Former UMaine runner and recent University of Oklahoma graduate Masters was the first Maine runner across the finish line. He battled current Dartmouth runner and Brunswick native Will Geoghegan for much of the race before he began to have some separation at about the 4.5 mile mark.

I was confident,” said Masters of his chances to win going in. “I knew some of these guys were going to bring their A game.”


Ironically, Masters recently spent time running in Europe only to return in the past few days with his passport, wallet and sponsor wearable kit somehow come up missing.

I had to buy a shirt at the Expo for 20 dollars,” said Masters. “Usually I get them for free.”

Geoghegan finished 14 seconds behind Masters for the Maine crown. Chesterville native and former Mt. Blue runner Kelton Cullenberg was the top local finisher. His time of 32:12.4 earned him the 31st spot overall.

In the women’s race, Chepkirui led much of the way with eventual runner-up Gemma Steel of the UK pushing her for most of the way.

I took the lead at the five-mile mark,” said the 24-year old Chepkirui who holds the fifth-fastest 10K road race time all time. “(Gemma) is strong.”

After finishing runner-up to Falmouth’s Sheri Piers the last two years, Jesseman was finally able to switch spots with Piers who crossed 23 seconds after the former UNH runner. Jesseman’s time was just six-tenths of a second behind Piers’ Maine record.


Jesseman found a pair of her male teammates before the start who ran similar 10K times and decided to stay with them to help monitor her pace.
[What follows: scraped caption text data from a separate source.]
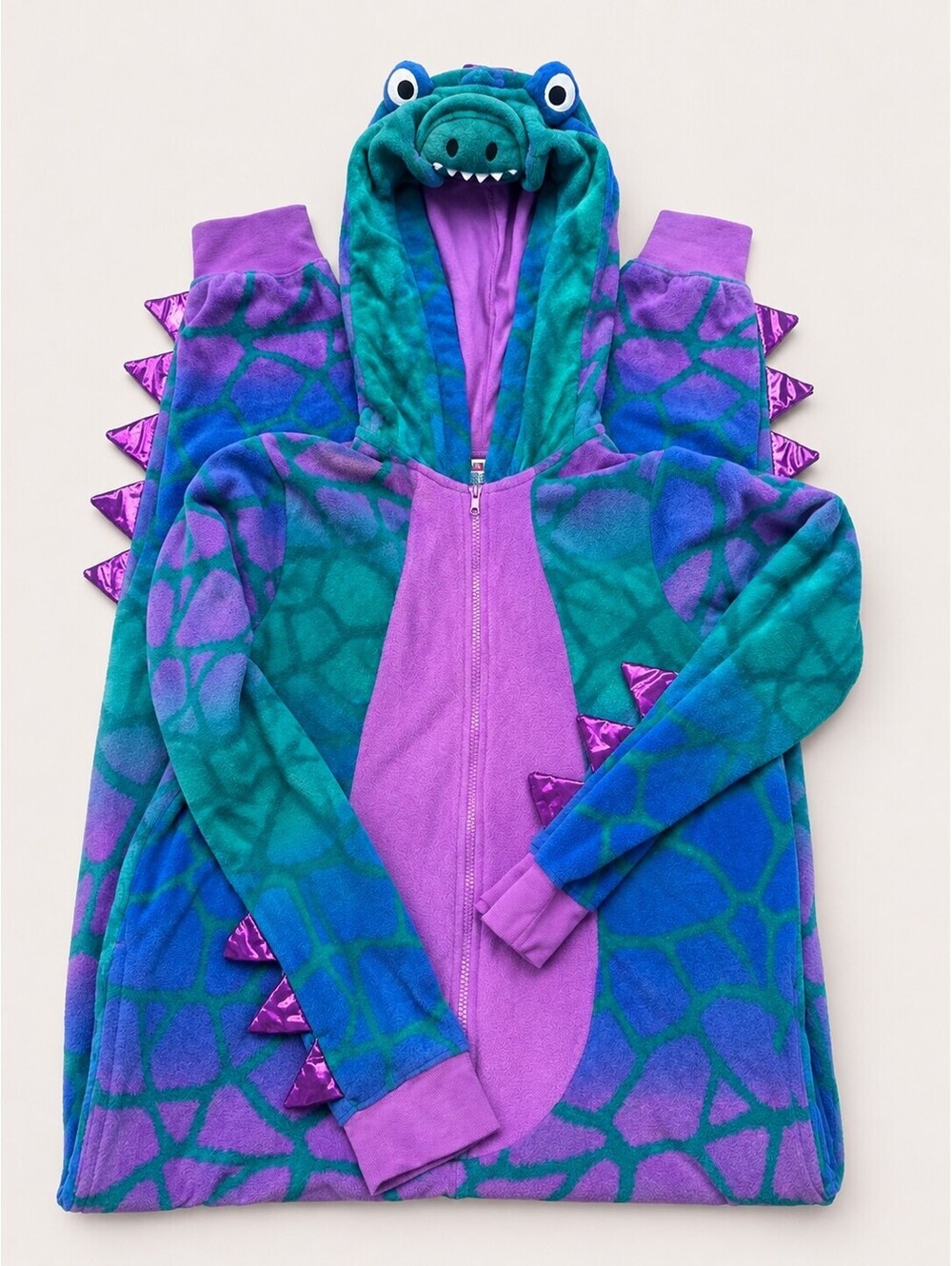 Adult Dragon Dinosaur Onesie Costume M/L Teal Purple Hooded Plush Jumpsuit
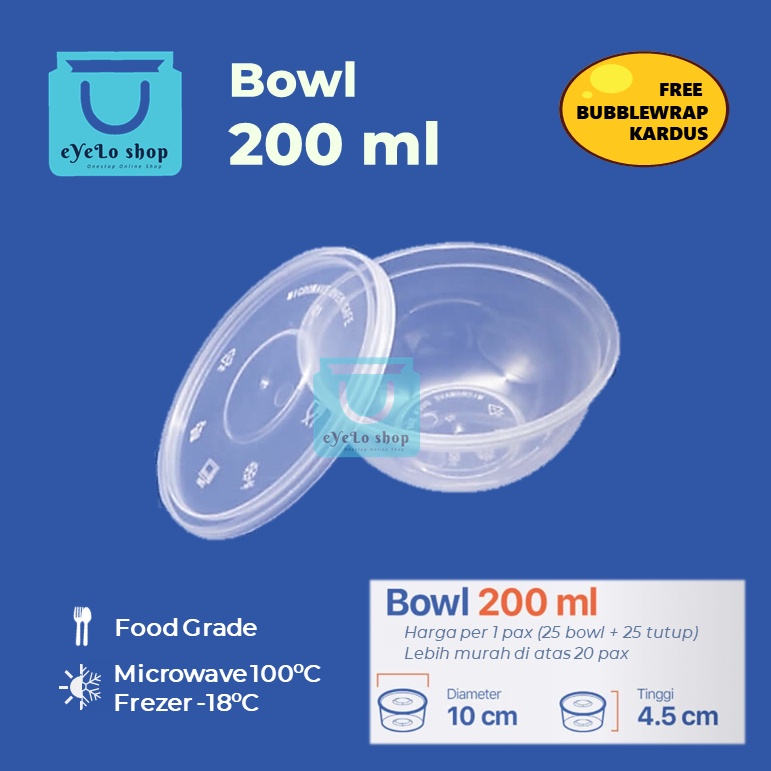THINWALL BOWL 200 ml - harga per 1 pax isi 25 bowl + 25 tutup - MANGKOK PLASTIK Mangkuk bulat cup Si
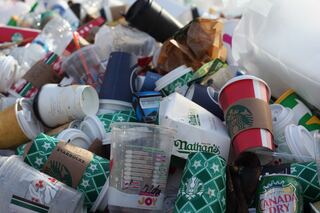 Large pile of waste from various coffee shops.
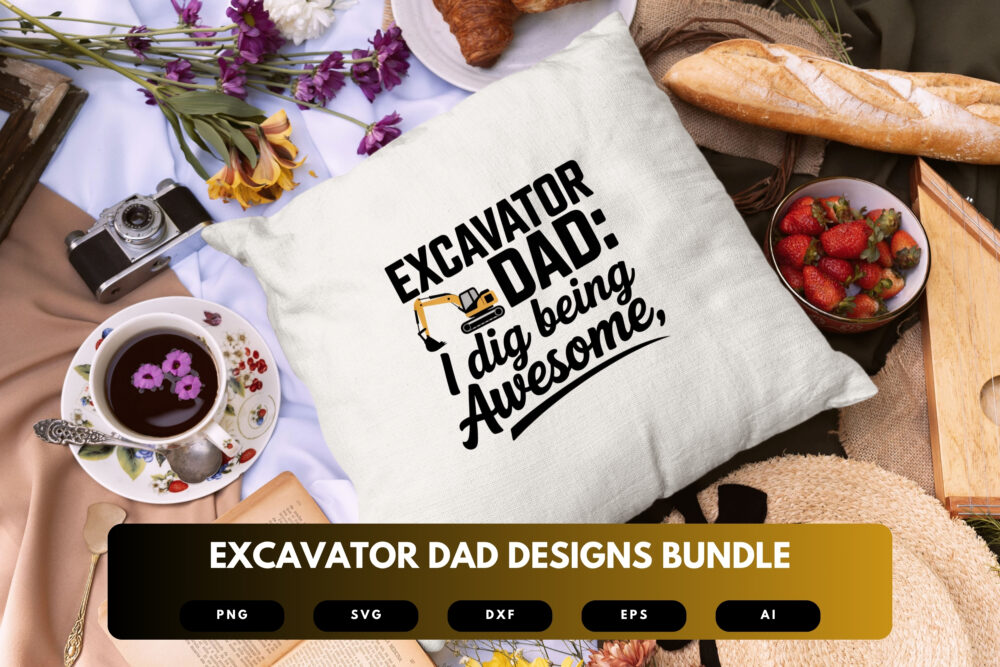 Excavator Dad SVG Bundle | Heavy Machinery Clipart, Construction Silhouette Cut Files for Cricut & Sublimation - Image 2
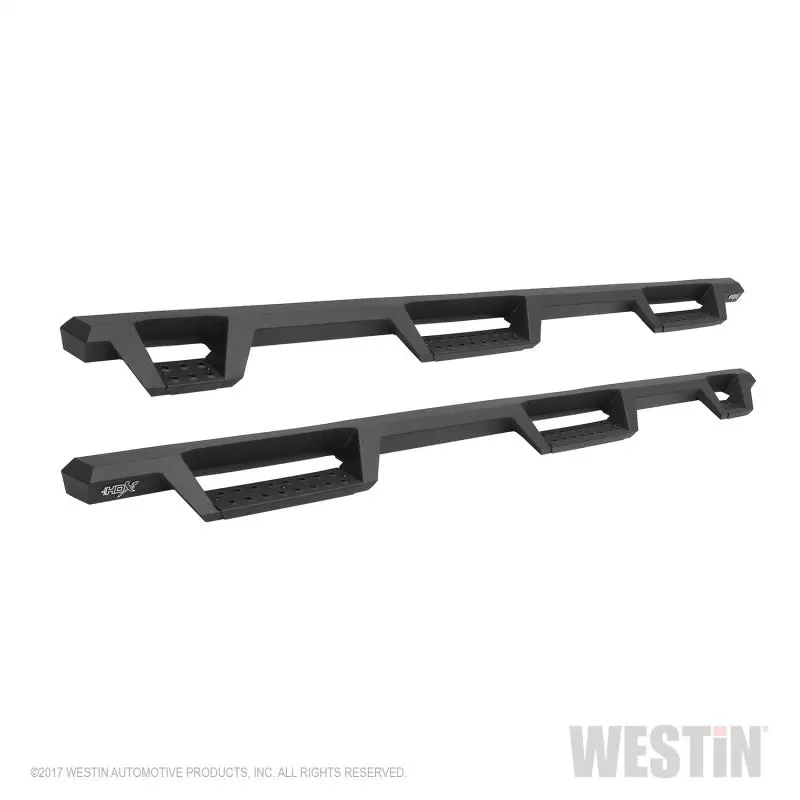 Westin 99-16 Ford F-250/350/450/550 Cc (6.75Ft Bed) Hdx Drop Whl To Whl Nerf Step Bars - Text Blk 1
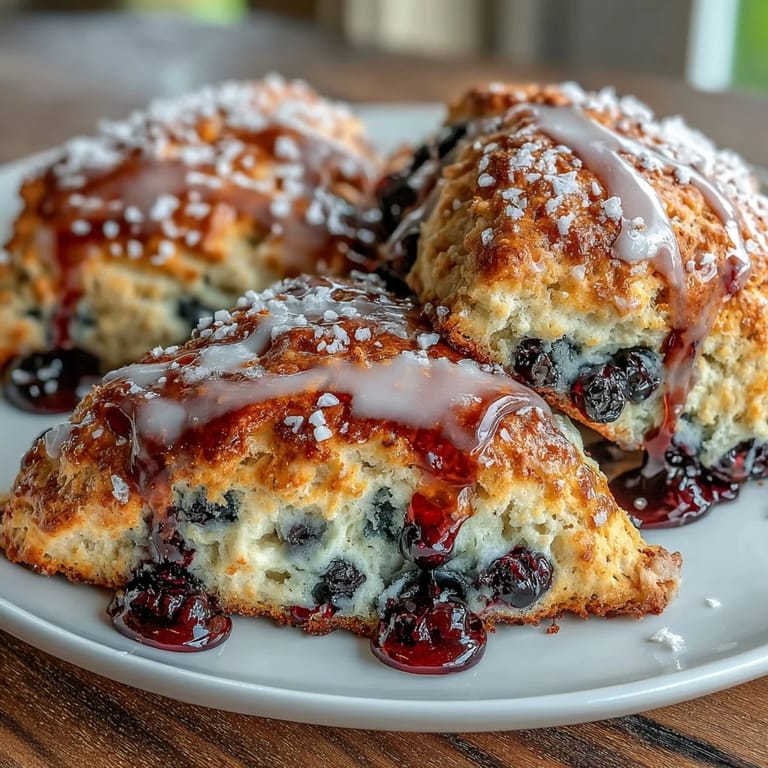 Freshly baked scones bursting with plump blueberries and topped with a tangy lemon drizzle, served on a rustic plate.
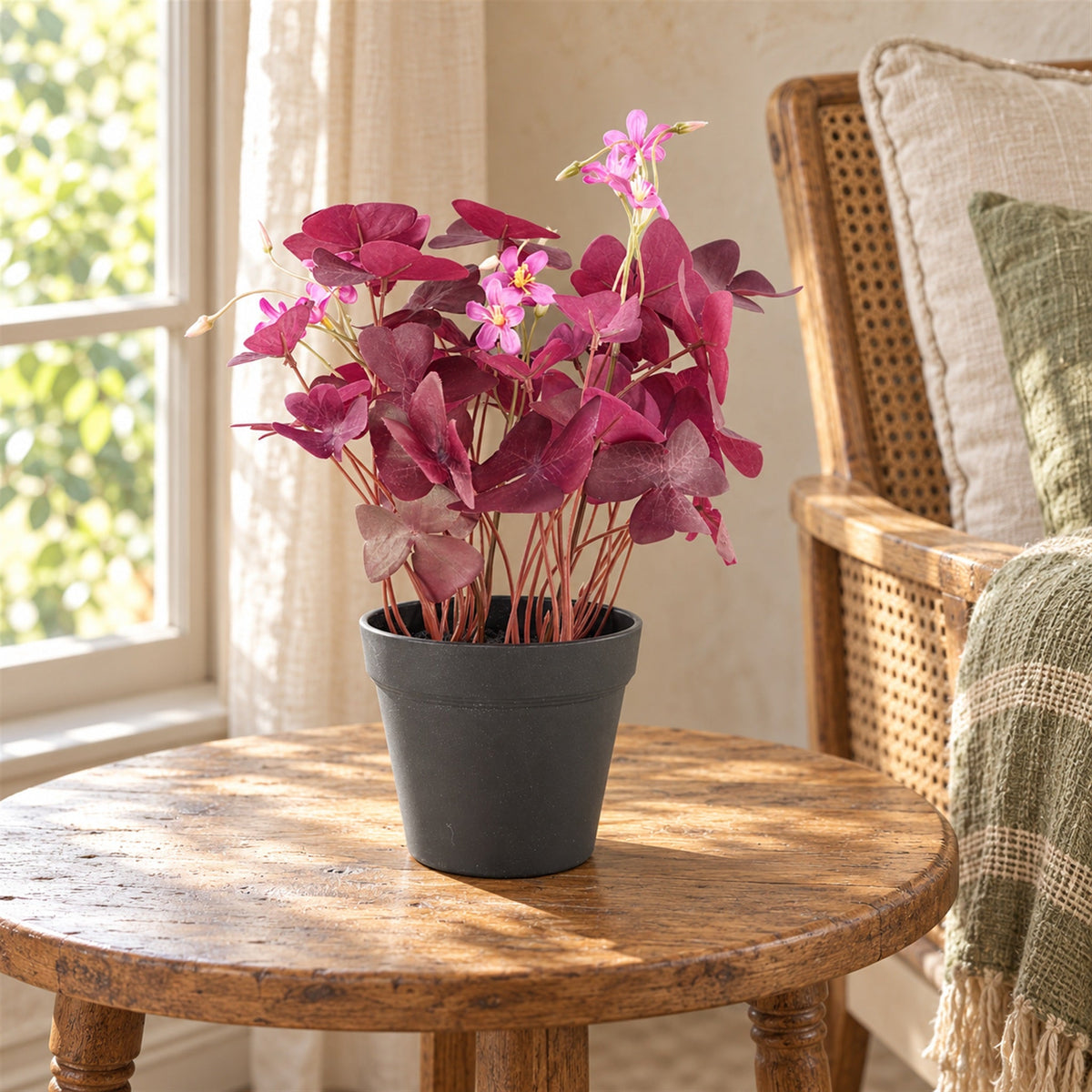 30cm Artificial Plant Purple Shamrock Pink Flowers Potted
I stayed close to them and kept a close eye on my watch,” said Jesseman, but it didn’t help. I still went out too fast.”

With too many runners on the course, Jesseman wasn’t able to keep track of her competition from Maine.

I didn’t know where anybody else was,” she said. “I was just focused on the finish line.”

The win was nice for Jesseman, but her effort was more satisfying.

I was focused on getting a personal best,” she said after lowering her 10K road race PR. “It was not letting this race get the best of me. I’ve had some pretty crappy races here.”